━━ INPUT FOR THIS TASK

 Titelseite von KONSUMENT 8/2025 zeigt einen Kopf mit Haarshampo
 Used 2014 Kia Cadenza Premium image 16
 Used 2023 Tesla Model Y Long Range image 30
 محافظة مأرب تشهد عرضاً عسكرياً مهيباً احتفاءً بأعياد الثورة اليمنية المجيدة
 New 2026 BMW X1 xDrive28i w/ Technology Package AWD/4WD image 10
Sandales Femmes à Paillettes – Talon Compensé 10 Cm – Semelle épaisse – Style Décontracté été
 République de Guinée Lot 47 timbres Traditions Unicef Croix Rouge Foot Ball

━━━━

TASK
One figure is all that is needed: the number of lines above in which the word "Used" appears.

RESULT
2